Medicaid plan unsettling for developmentally disabled
Rhonda Holman, Wichita Eagle editorial board
"The Brownback administration’s sweeping overhaul of Medicaid into a privately run managed-care system called KanCare mustn’t sweep individuals with developmental disabilities over the edge. As it is, there is a good argument for exempting the vulnerable population from such a sea change.
A packed weekend meeting in Wichita demonstrated how unsettling the governor’s plan is proving for the developmental disability community, as Department of Aging Secretary Shawn Sullivan was questioned about why the reform was needed and how it would affect loved ones.

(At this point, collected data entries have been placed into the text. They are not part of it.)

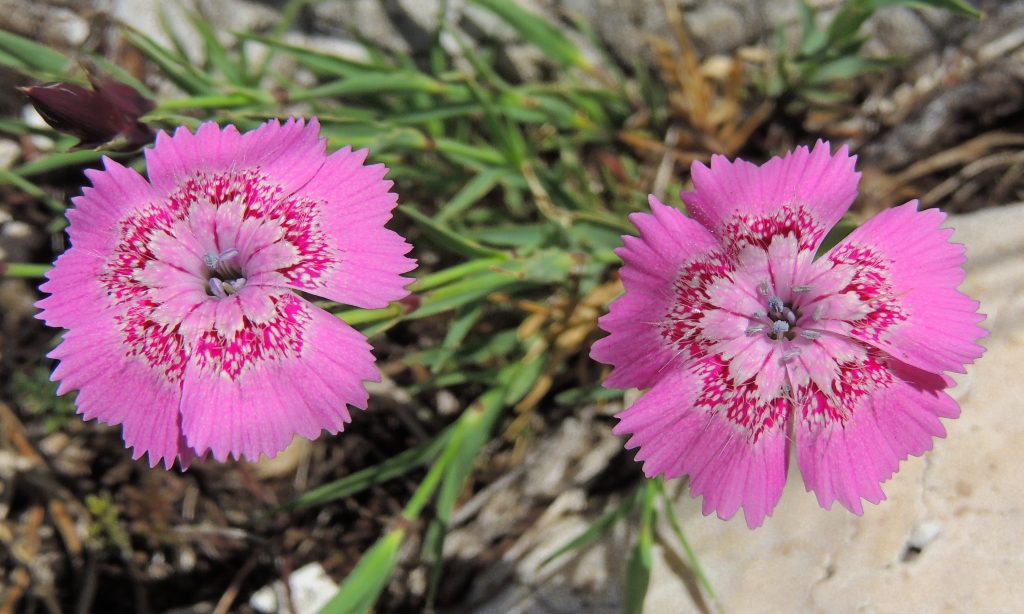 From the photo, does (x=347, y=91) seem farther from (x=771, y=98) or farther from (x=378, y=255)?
(x=771, y=98)

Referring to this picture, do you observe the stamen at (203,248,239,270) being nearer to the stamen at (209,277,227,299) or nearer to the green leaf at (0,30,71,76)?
the stamen at (209,277,227,299)

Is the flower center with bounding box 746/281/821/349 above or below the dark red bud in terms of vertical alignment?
below

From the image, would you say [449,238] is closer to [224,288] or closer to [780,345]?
[224,288]

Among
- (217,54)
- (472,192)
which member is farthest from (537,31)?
(217,54)

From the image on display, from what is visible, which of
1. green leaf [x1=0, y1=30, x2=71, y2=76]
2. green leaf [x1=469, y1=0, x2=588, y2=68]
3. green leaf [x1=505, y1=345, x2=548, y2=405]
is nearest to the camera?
green leaf [x1=0, y1=30, x2=71, y2=76]

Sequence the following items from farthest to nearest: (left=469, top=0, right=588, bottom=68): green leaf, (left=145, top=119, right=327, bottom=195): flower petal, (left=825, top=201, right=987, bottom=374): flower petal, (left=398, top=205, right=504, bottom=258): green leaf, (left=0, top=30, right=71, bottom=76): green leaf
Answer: (left=469, top=0, right=588, bottom=68): green leaf → (left=0, top=30, right=71, bottom=76): green leaf → (left=398, top=205, right=504, bottom=258): green leaf → (left=145, top=119, right=327, bottom=195): flower petal → (left=825, top=201, right=987, bottom=374): flower petal

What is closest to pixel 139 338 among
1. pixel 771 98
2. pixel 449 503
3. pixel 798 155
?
pixel 449 503

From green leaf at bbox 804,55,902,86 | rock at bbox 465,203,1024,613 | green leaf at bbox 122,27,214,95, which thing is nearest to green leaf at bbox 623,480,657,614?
rock at bbox 465,203,1024,613

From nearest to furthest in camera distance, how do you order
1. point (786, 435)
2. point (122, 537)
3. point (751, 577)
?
point (786, 435)
point (751, 577)
point (122, 537) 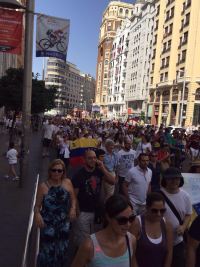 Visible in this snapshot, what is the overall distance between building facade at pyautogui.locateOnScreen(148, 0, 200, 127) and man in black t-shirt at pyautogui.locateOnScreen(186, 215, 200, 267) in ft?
156

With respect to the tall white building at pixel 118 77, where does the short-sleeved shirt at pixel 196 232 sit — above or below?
below

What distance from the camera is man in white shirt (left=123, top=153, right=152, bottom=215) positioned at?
6.10 m

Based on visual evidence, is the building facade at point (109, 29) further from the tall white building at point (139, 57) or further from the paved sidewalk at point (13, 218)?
the paved sidewalk at point (13, 218)

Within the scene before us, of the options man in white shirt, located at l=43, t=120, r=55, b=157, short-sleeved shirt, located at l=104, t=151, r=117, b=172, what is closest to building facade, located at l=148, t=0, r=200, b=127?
man in white shirt, located at l=43, t=120, r=55, b=157

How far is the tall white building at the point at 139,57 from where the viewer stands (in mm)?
80094

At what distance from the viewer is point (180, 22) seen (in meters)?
60.6

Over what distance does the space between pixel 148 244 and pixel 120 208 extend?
922 millimetres

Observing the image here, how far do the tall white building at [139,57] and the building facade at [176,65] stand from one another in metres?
7.56

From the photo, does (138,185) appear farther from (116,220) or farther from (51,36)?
(51,36)

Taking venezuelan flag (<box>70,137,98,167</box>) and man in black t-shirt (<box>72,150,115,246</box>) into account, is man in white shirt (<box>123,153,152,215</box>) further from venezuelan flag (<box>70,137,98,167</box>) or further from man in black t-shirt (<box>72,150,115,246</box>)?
venezuelan flag (<box>70,137,98,167</box>)

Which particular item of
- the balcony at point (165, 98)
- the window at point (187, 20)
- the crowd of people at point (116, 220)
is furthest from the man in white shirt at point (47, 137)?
the balcony at point (165, 98)

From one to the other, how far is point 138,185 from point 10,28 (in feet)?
21.6

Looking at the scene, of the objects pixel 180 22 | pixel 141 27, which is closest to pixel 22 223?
pixel 180 22

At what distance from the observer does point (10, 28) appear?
10789mm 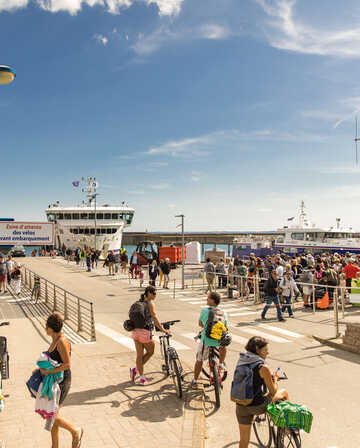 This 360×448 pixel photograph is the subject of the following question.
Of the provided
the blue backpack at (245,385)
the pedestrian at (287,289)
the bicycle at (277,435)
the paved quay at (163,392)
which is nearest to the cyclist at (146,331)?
the paved quay at (163,392)

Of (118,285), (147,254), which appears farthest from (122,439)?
(147,254)

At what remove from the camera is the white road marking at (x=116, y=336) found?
972 centimetres

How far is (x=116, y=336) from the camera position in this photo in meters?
10.6

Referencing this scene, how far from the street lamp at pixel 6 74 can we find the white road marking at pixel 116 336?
6441 millimetres

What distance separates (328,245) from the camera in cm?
3988

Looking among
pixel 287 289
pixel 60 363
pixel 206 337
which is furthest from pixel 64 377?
pixel 287 289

Sullivan argues that care coordination is justified because many who are developmentally disabled suffer from medical conditions such as diabetes and high cholesterol, and have problems with mental illness and substance abuse. He makes a good point.
But families and providers are skeptical about the administration’s claims about KanCare, which will be managed by three for-profit insurance companies beginning Jan. 1, 2013 – including that services and reimbursement rates won’t be cut, that case managers needn’t change, and that current providers will be offered a place in the new system.
If such key elements won’t change, they understandably wonder, then how can dollars be saved, how can services and outcomes be improved, and why change the system at all?
It’s a further concern that only four states include long-term care for those with developmental disabilities in a Medicaid managed-care system, and that of those four, none looks like what is being proposed in Kansas, according to Matt Fletcher, associate executive director of the Topeka-based advocacy group InterHab. Moving Medicaid to managed care “can be done without having to include long-term care services,” Fletcher said at Saturday’s meeting.
The administration also didn’t help itself by crafting the reform with little stakeholder input, and by failing to get its answers straight since the plan’s November rollout. If the administration used a “very robust process” for getting input, as Mark Dugan, chief of staff for Lt. Gov. Jeff Colyer, told the crowd Saturday, it somehow was invisible to the developmental disability community.
Plus, the insurance companies interested in meeting the state’s Jan. 31 deadline for KanCare bids don’t seem to know much about serving those with developmental disabilities. And though Medicaid is costing the state too much overall, services for developmental disabilities are chronically underfunded, with a waiting list of 4,800.
Gov. Sam Brownback and Colyer are justified in trying to find a way to better coordinate care and curb Medicaid’s costs, which have grown at an average annual rate of 7.4 percent over the past decade.
But legislators need to continue to seek answers and reassurance from administration officials, including in a Senate Ways and Means Committee hearing today.
Kansas should think twice before it includes individuals with development disabilities in its managed-care experiment."